*** Data under study ***
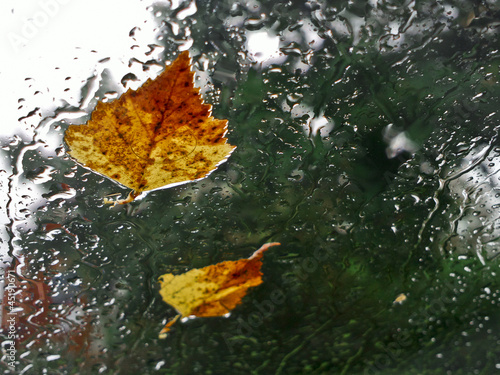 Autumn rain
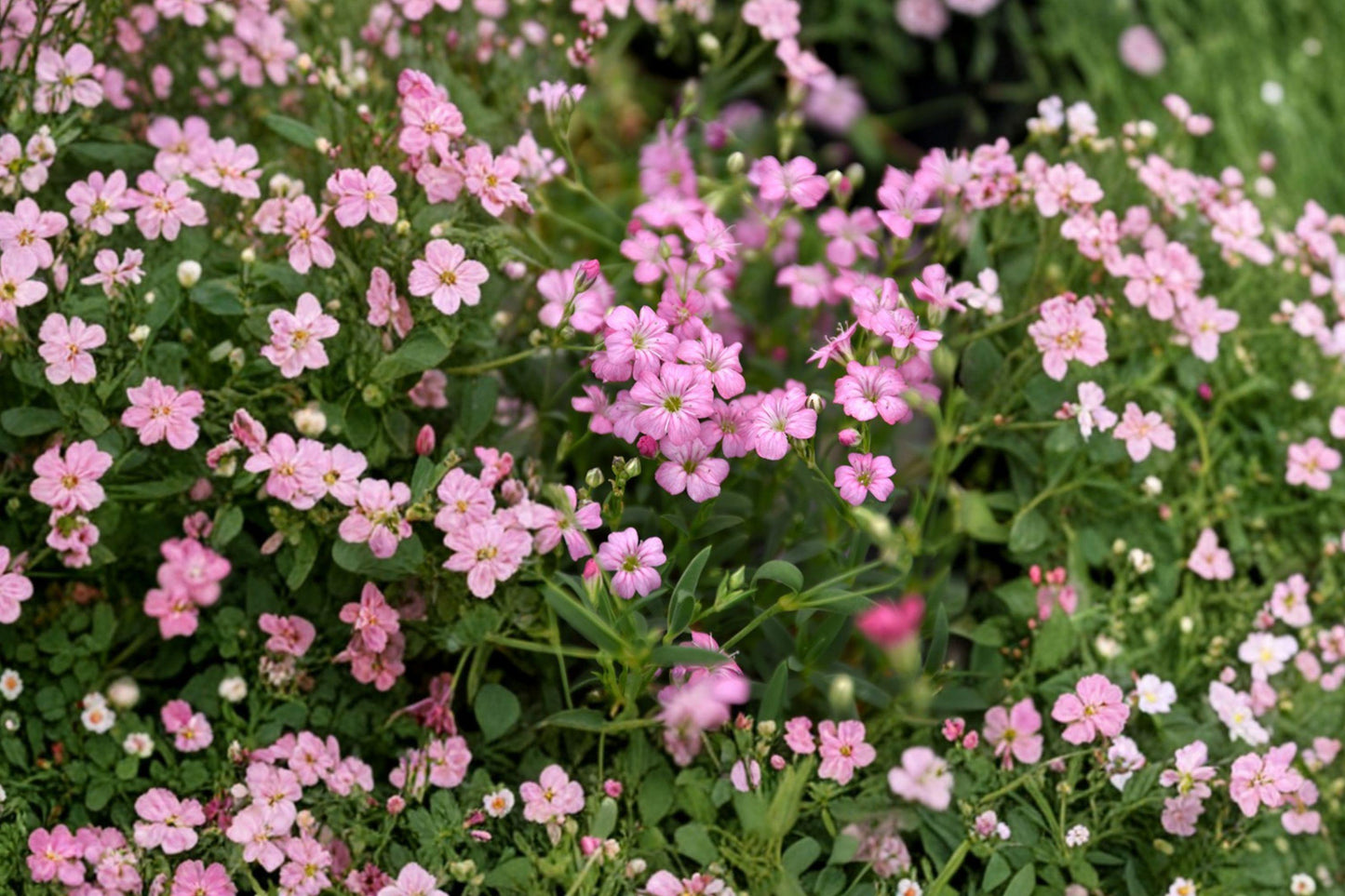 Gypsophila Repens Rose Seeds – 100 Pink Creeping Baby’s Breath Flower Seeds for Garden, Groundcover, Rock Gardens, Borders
*** End of Data under study ***
*** Data under study ***
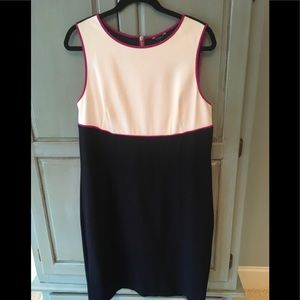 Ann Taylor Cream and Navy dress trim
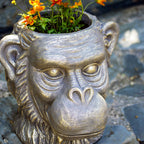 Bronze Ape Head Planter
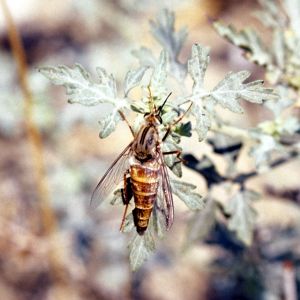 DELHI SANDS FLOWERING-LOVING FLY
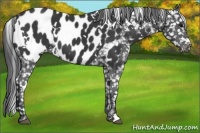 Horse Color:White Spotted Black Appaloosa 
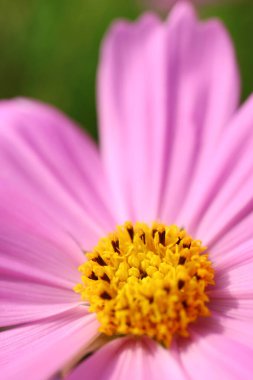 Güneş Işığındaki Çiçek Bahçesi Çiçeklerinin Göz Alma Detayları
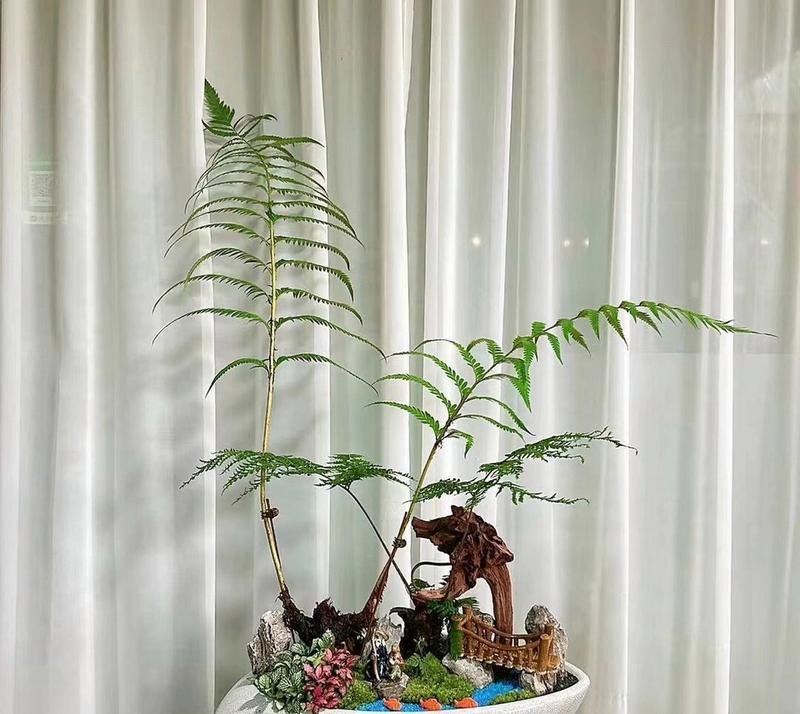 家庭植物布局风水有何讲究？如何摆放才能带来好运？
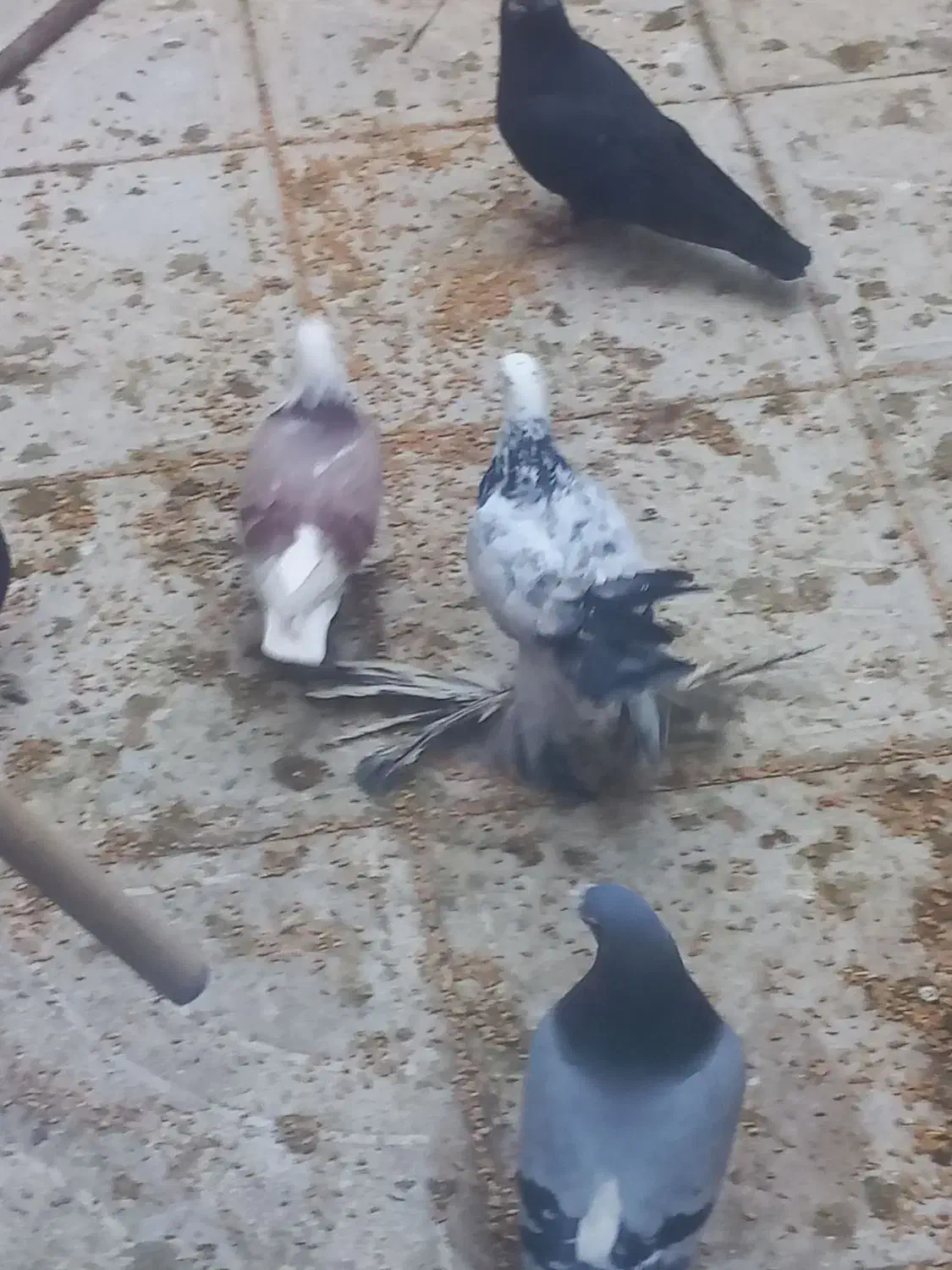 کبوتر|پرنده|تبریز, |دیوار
*** End of Data under study ***
*** Data under study ***
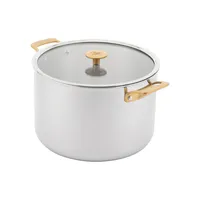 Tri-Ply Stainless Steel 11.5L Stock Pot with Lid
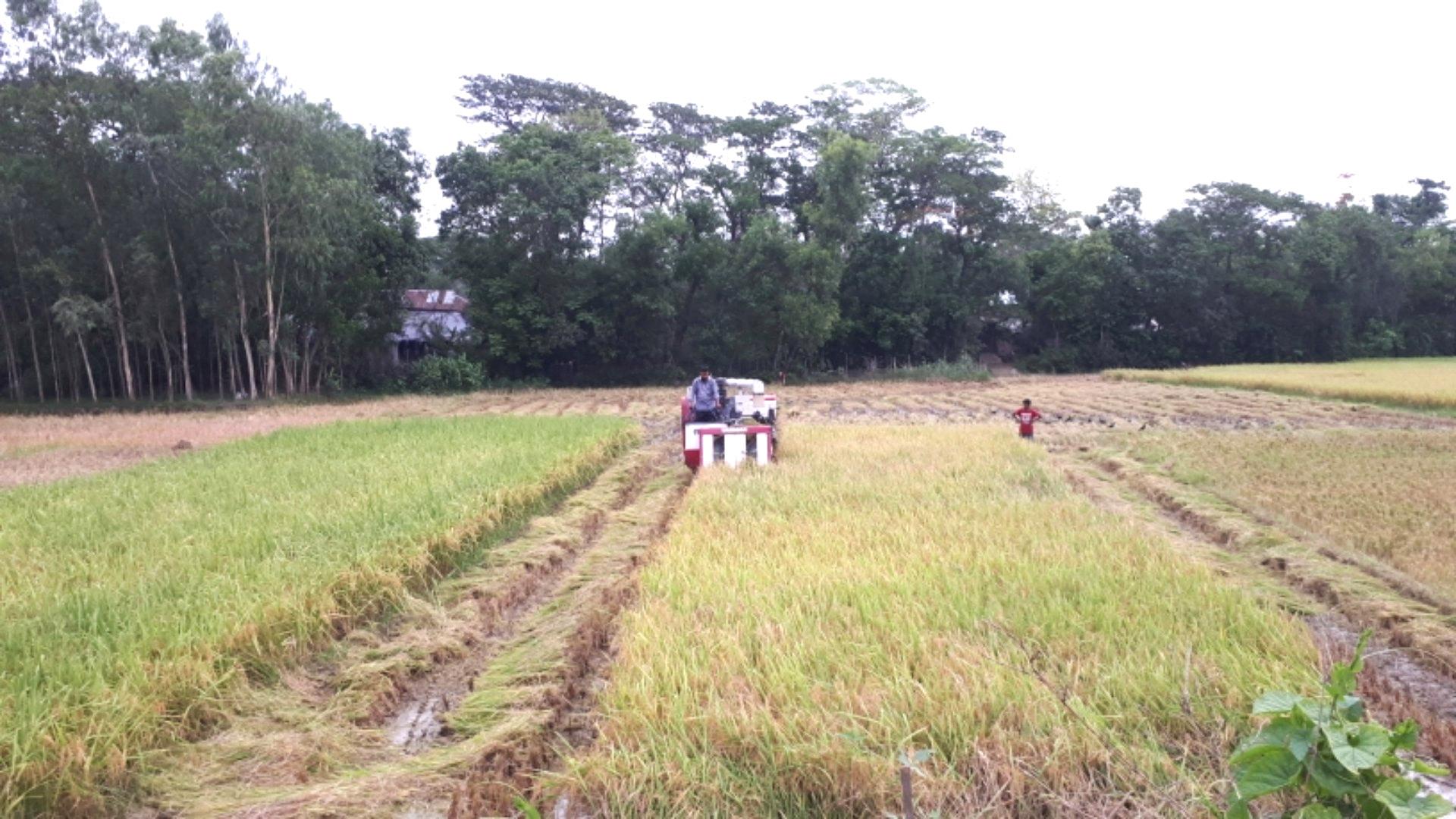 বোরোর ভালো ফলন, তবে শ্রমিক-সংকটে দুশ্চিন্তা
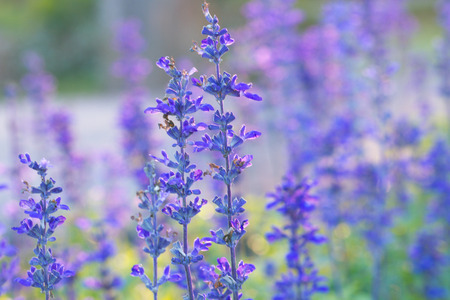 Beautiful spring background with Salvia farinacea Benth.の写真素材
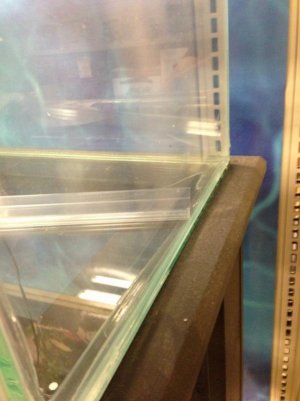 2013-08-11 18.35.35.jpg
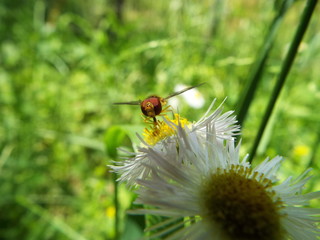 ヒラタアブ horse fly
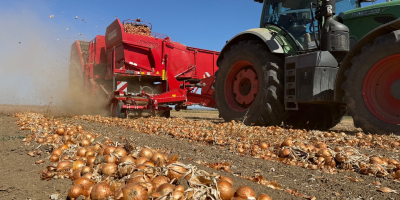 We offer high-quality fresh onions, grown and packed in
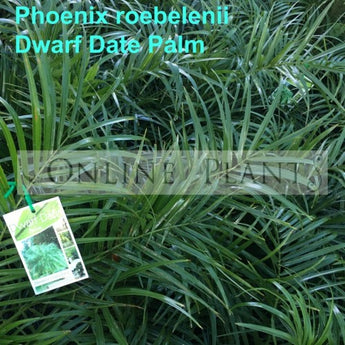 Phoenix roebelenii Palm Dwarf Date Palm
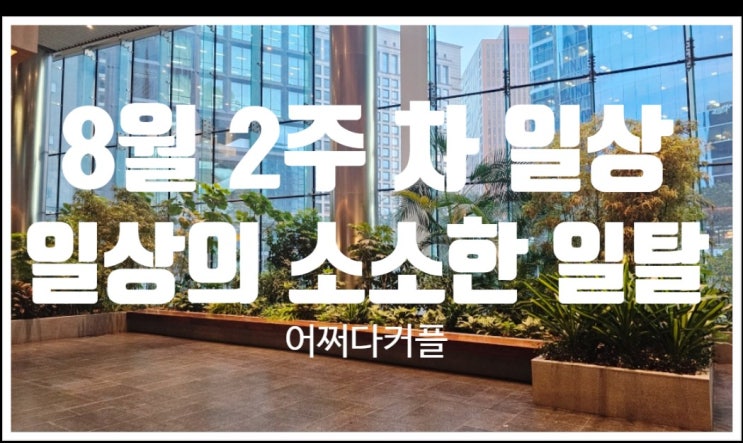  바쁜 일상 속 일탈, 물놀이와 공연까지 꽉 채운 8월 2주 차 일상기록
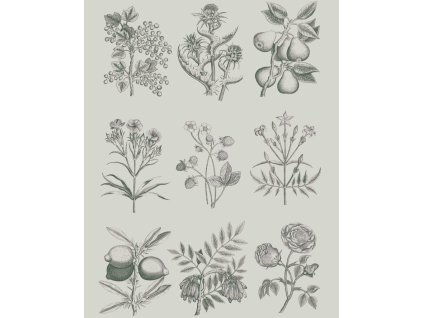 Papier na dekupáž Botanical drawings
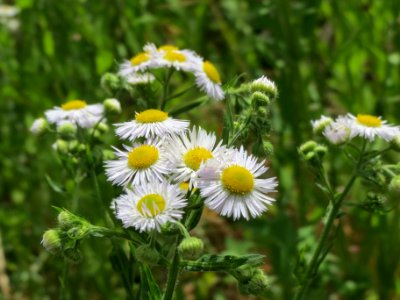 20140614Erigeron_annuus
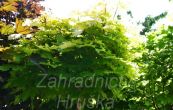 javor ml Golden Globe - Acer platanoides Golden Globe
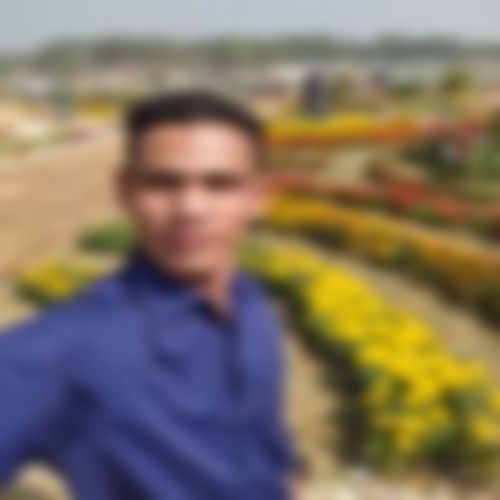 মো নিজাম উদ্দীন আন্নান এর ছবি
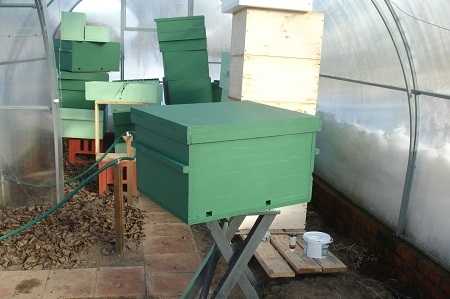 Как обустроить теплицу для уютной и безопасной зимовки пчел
*** End of Data under study ***
Give back the exact lines above, running from the one that has "Bronze Ape Head Planter" through the one that has "کبوتر|پرنده|تبریز, |دیوار", with nothing added and no pictures.

_Task solution_.
 Bronze Ape Head Planter
 DELHI SANDS FLOWERING-LOVING FLY
 Horse Color:White Spotted Black Appaloosa 
 Güneş Işığındaki Çiçek Bahçesi Çiçeklerinin Göz Alma Detayları
 家庭植物布局风水有何讲究？如何摆放才能带来好运？
 کبوتر|پرنده|تبریز, |دیوار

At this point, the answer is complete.